I saw this and thought of all you bullet-heads 

Lego Gun


----------



## Lisa (Jun 15, 2006)

I SO WANT ONE! 

My coach would think it was cool too!  I am sending him the link!


----------



## OnlyAnEgg (Jun 15, 2006)

I liked the fact it's an automatic, as well!


----------



## HKphooey (Jun 15, 2006)

Too cool!


----------



## Flying Crane (Jun 15, 2006)

that is SOOOO COOOL!!


----------



## fnorfurfoot (Jun 15, 2006)

I've seen a wooden version in a store somewhere nearby one or two summers ago.  I'll have to look for it now that you've reminded me of it.  My son would get into it.


----------



## tshadowchaser (Jun 15, 2006)

Think I'll keep this link away from my son he might want to make one ( he's 30)


----------



## Kacey (Jun 15, 2006)

That's really funny!  I especially like the way it loads a full "clip".


----------



## pstarr (Jun 15, 2006)

So, like...can you get +P rubber bands for it?

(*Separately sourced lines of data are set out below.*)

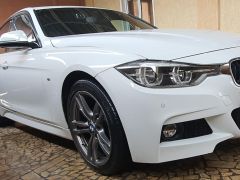 Сүрөт унаа BMW 3 серия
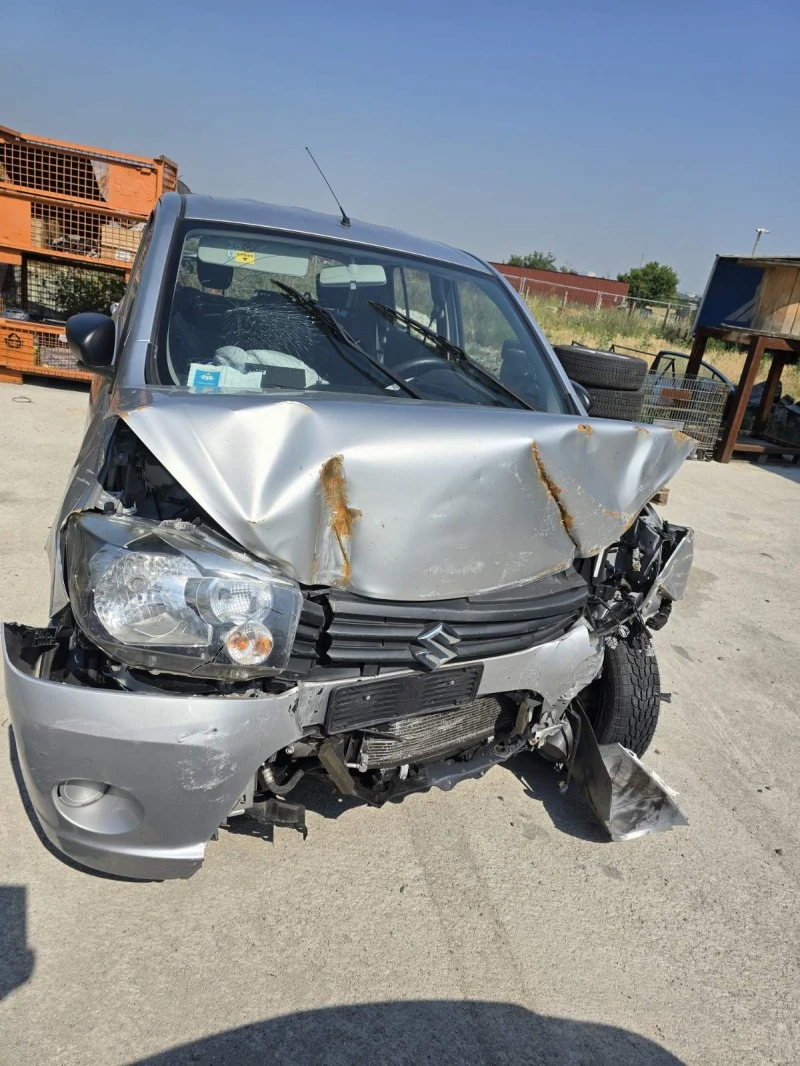 Suzuki Celerio 1.0i, снимка 6 - Автомобили и джипове - 46278314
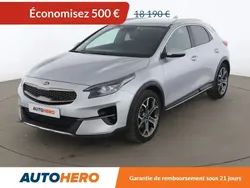 Gris Utilisé 2020 Kia XCeed Active SUV | 17 690 € (Prix juste)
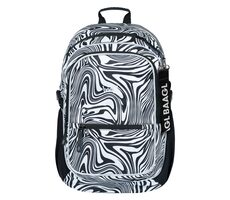 BAAGL Školský batoh Core Mixture /25 l/ vhodný od 3. triedy ZŠ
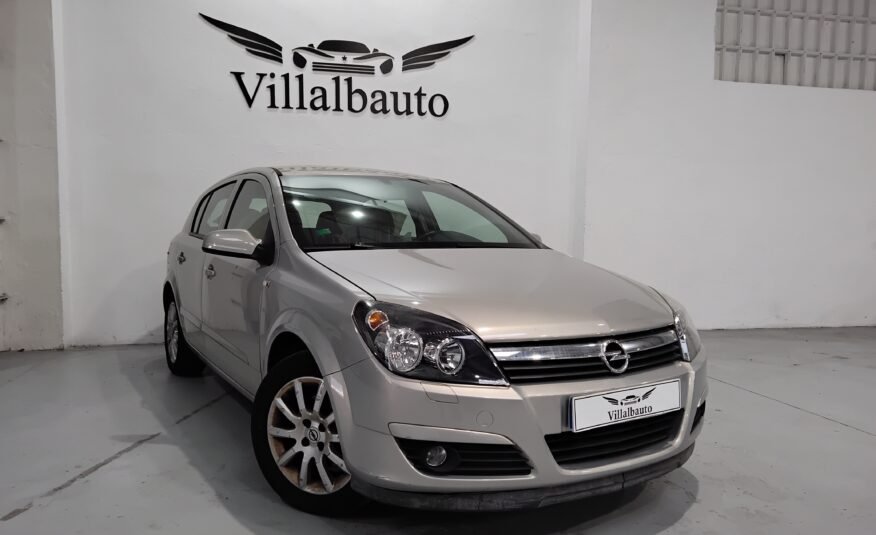 Opel Astra 1.6i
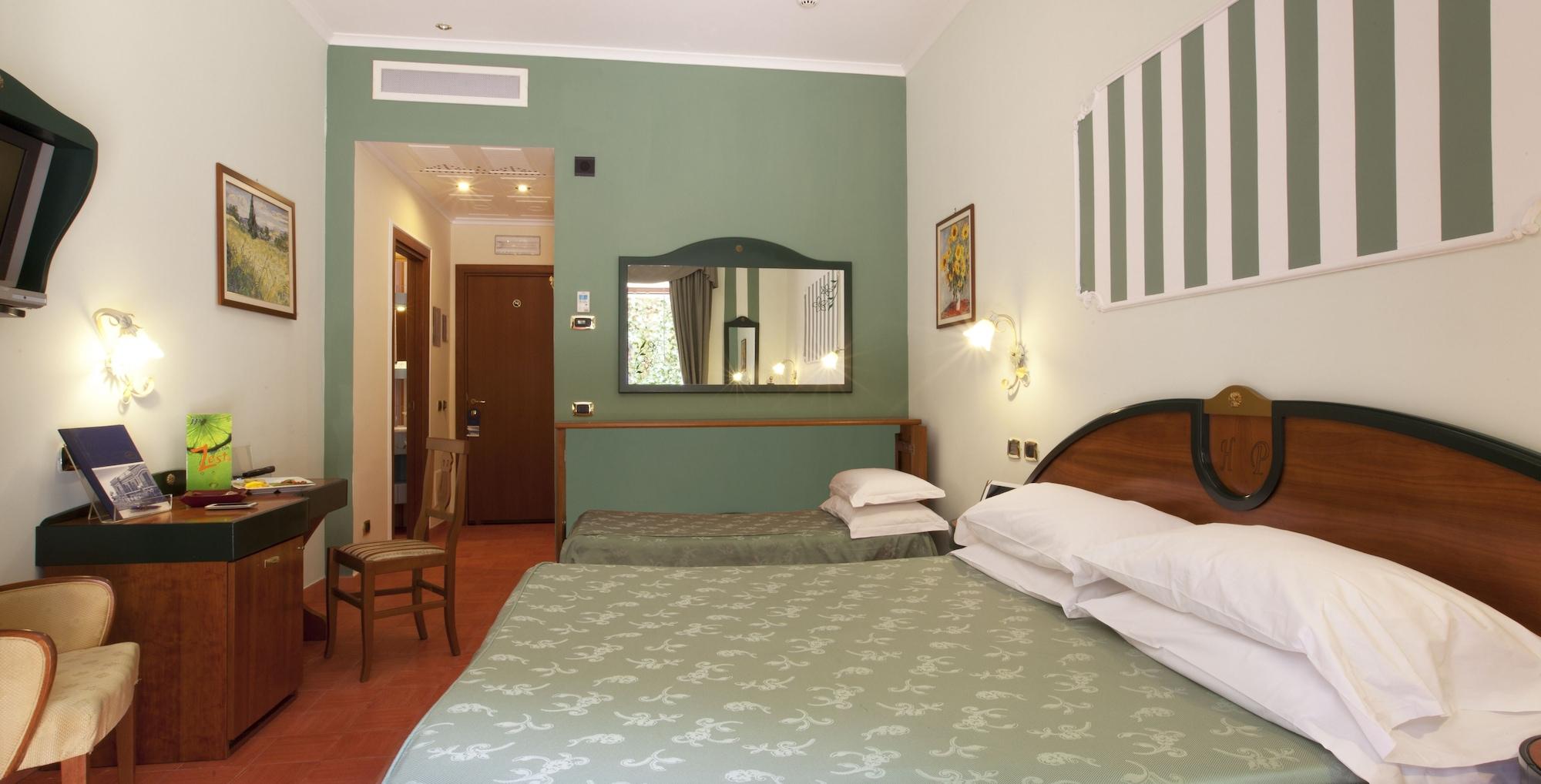 Hotel Prestige Sorrento Exteriör bild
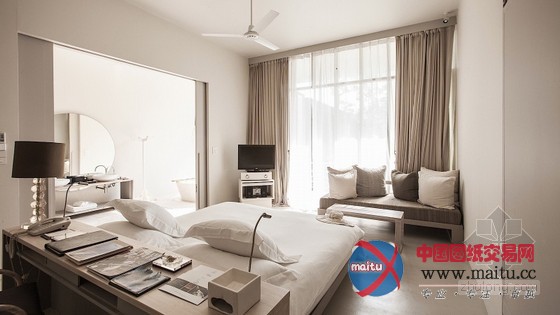 泰国普吉岛莎拉度假酒店 拥有绚丽美景独一无二地方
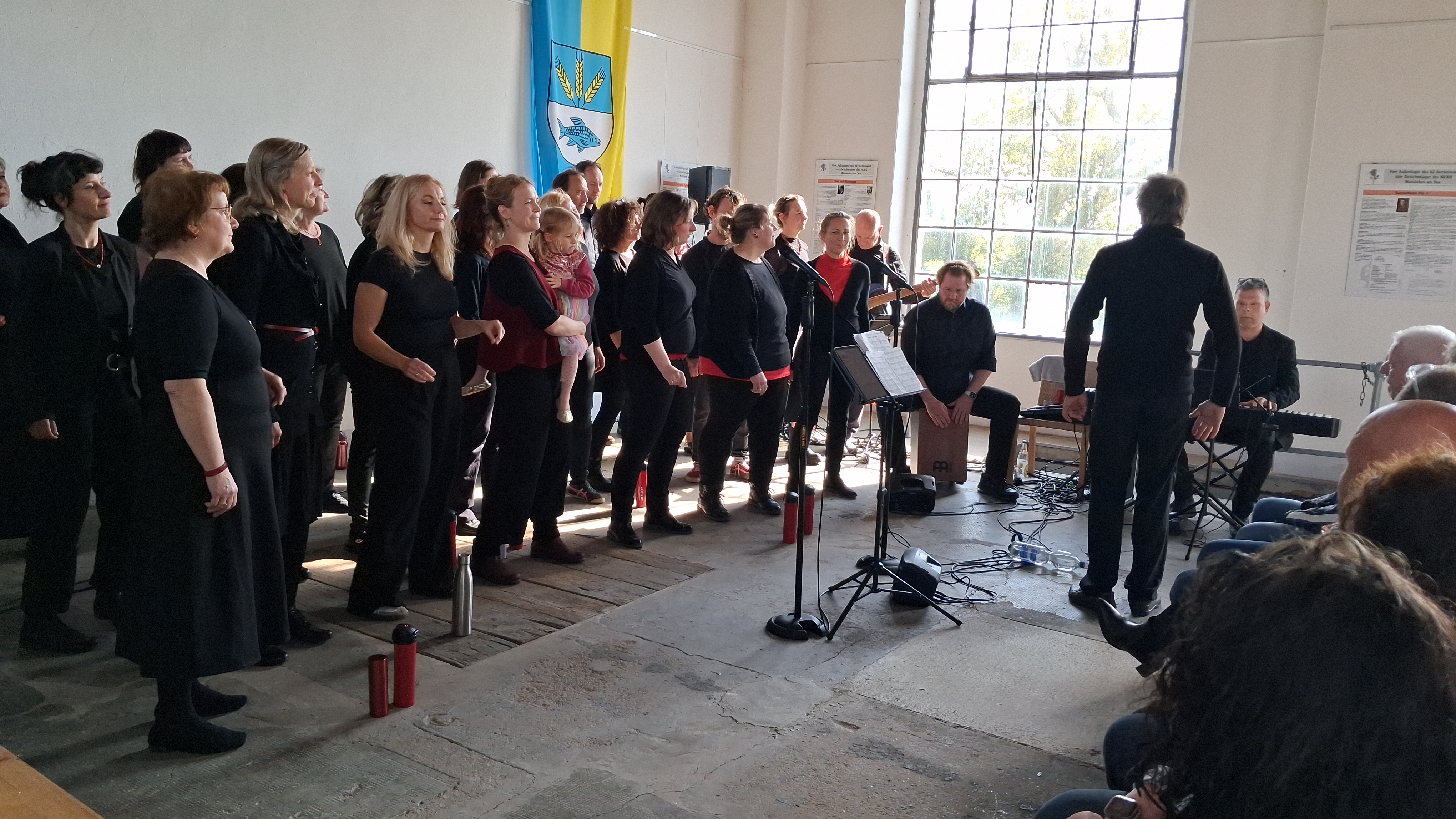 Konzert Gospelchor JOY'N'US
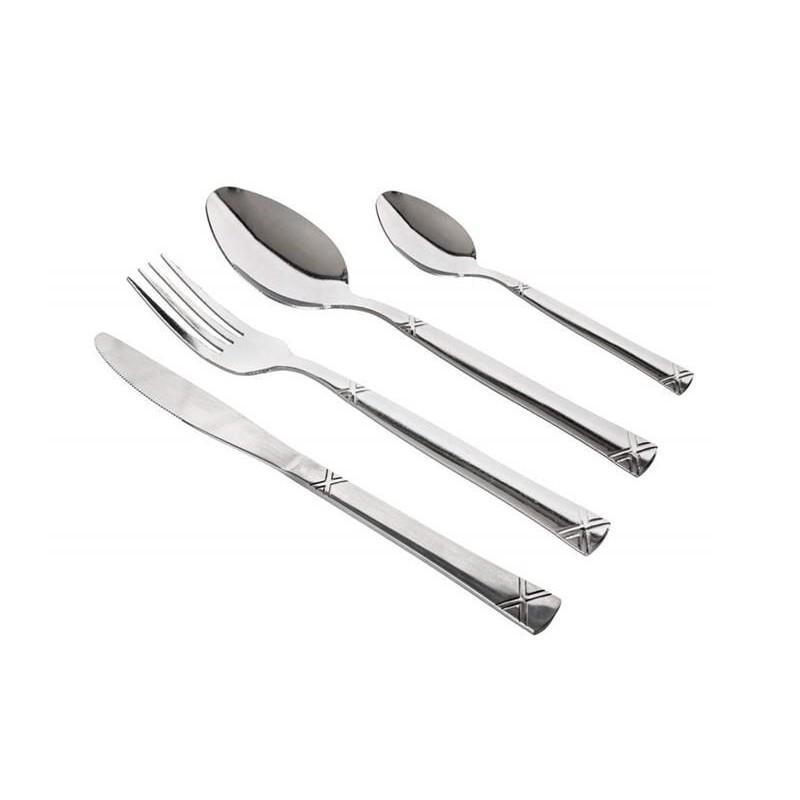 Súprava príborov BANQUET Apetit Destiny 24ks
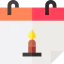 Calendar icon 64x64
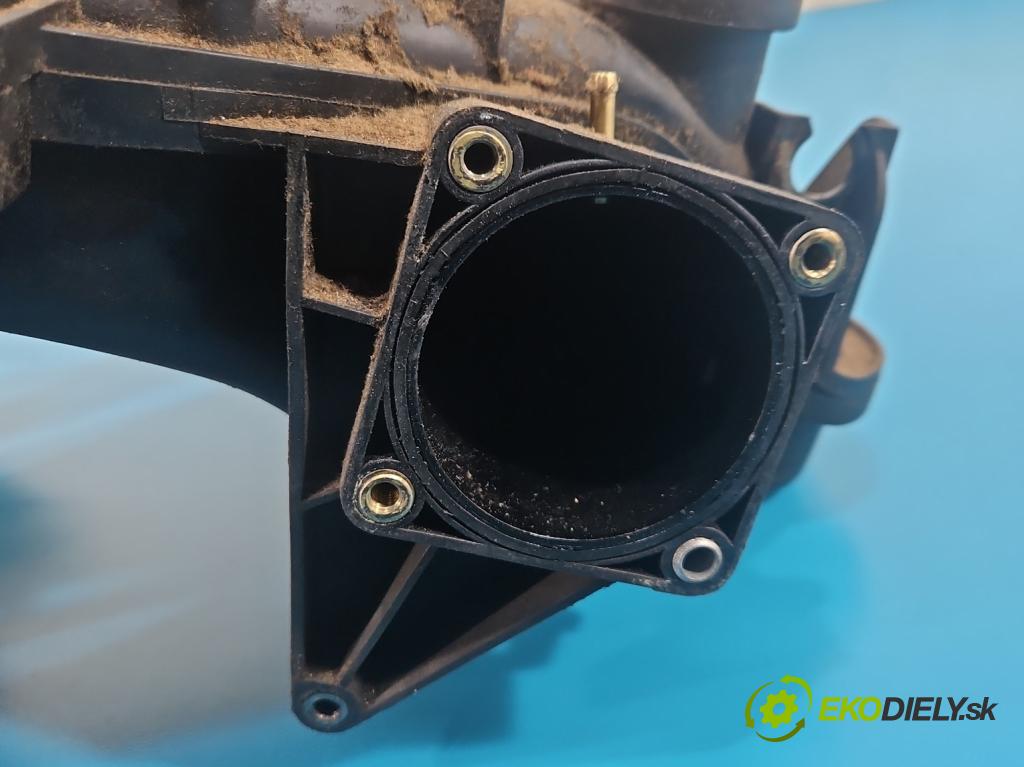 Audi A3 8L 1996-2003 1.6 sr 101 HP manual 74 kW 1595 cm3 3- zvod nasávací 06A133205E (Sacie potrubie)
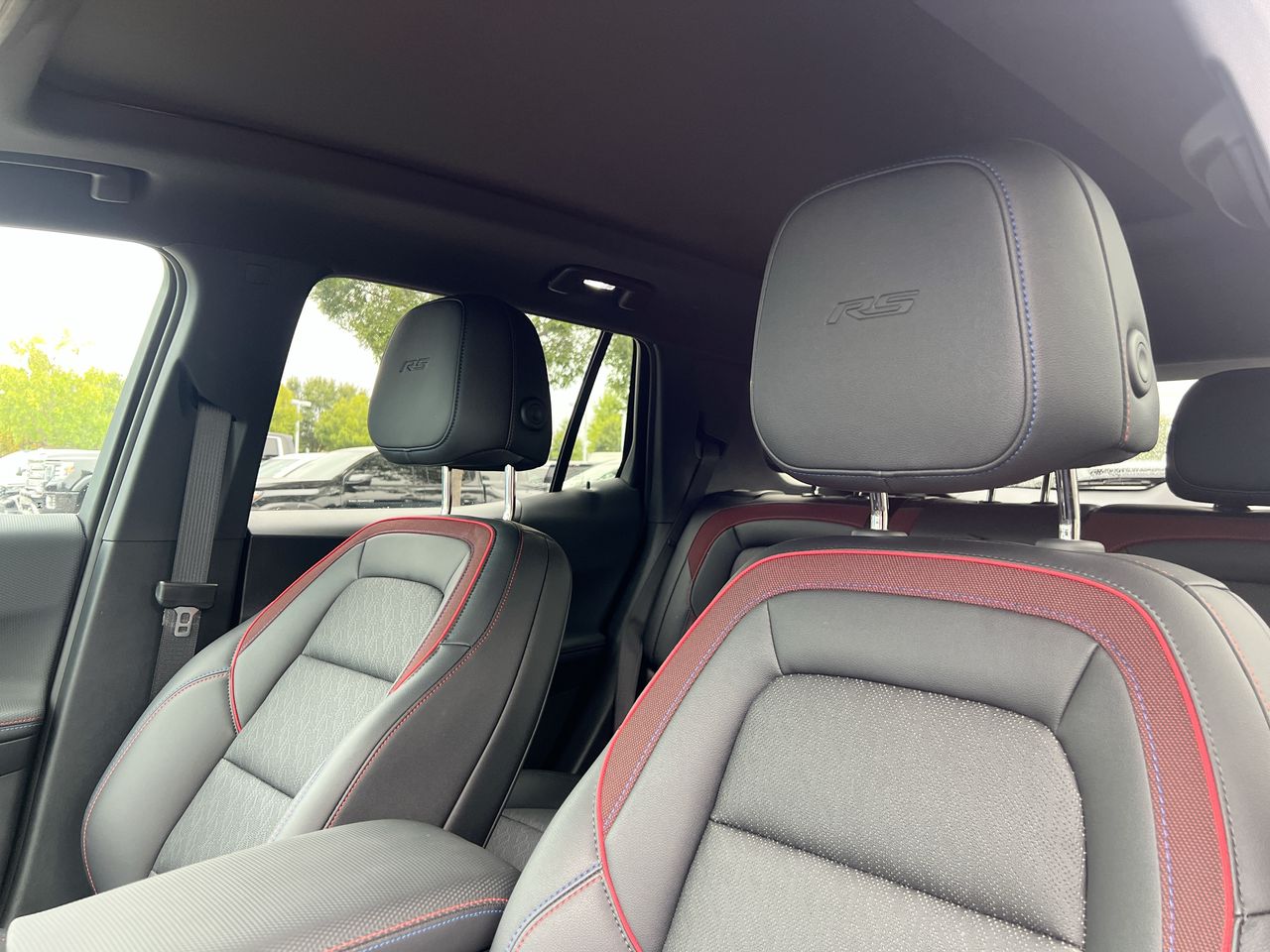 2026 Chevrolet Equinox FWD RS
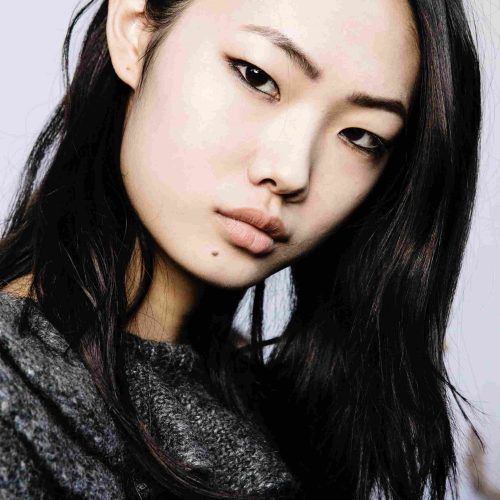 Classic Straight Asian Hairstyles (Photo 19 of 20)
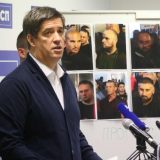 Miljuš: Danas će o korupciji pričati oni koji se smeju na ubistvo 15 ljudi u Novom Sadu 4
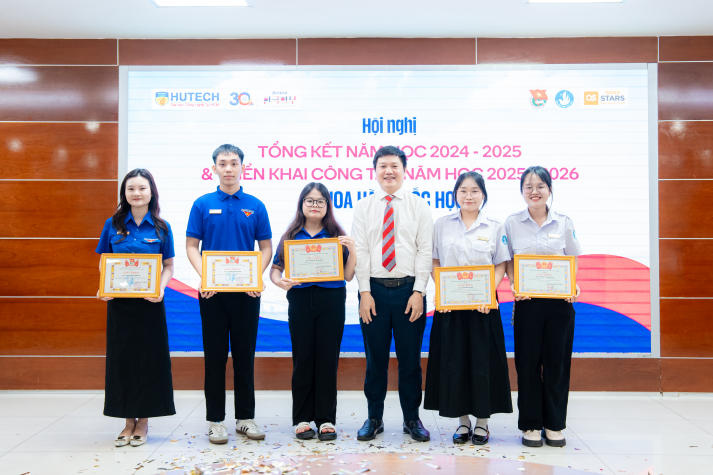 Đổi mới phong trào sinh viên, Khoa Hàn Quốc học hướng đến hiện đại và hội nhập 62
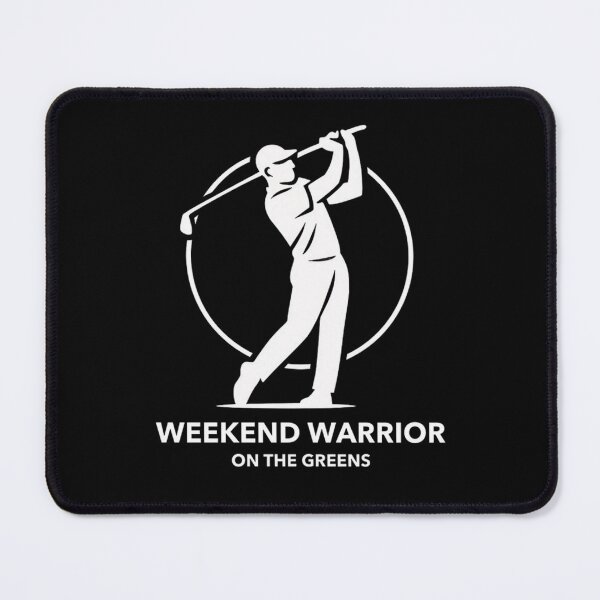 Item preview, Weekend Warrior Golf Apparel designed and sold by GossApparel.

                                       :mp5:


----------



## Jonathan Randall (Jun 16, 2006)

So cool! Right now, I win at the office because I have a mini-squirt gun in my top draw. This would make me unbeatable!


----------



## MartialIntent (Jun 16, 2006)

Jonathan Randall said:
			
		

> So cool! Right now, I win at the office because I have a mini-squirt gun in my top draw. This would make me unbeatable!


Hehe! Yes one of these babies would be a valuable piece of office equipment I daresay!

Respects!


----------



## KenpoTex (Jun 16, 2006)

that's pretty cool


----------



## Rich Parsons (Jun 17, 2006)

OnlyAnEgg said:
			
		

> I saw this and thought of all you bullet-heads
> 
> Lego Gun




*** Goes to basement for stored legos for nieces and nephews  and decides some new parts might be in order. ***


Dude I so want one


----------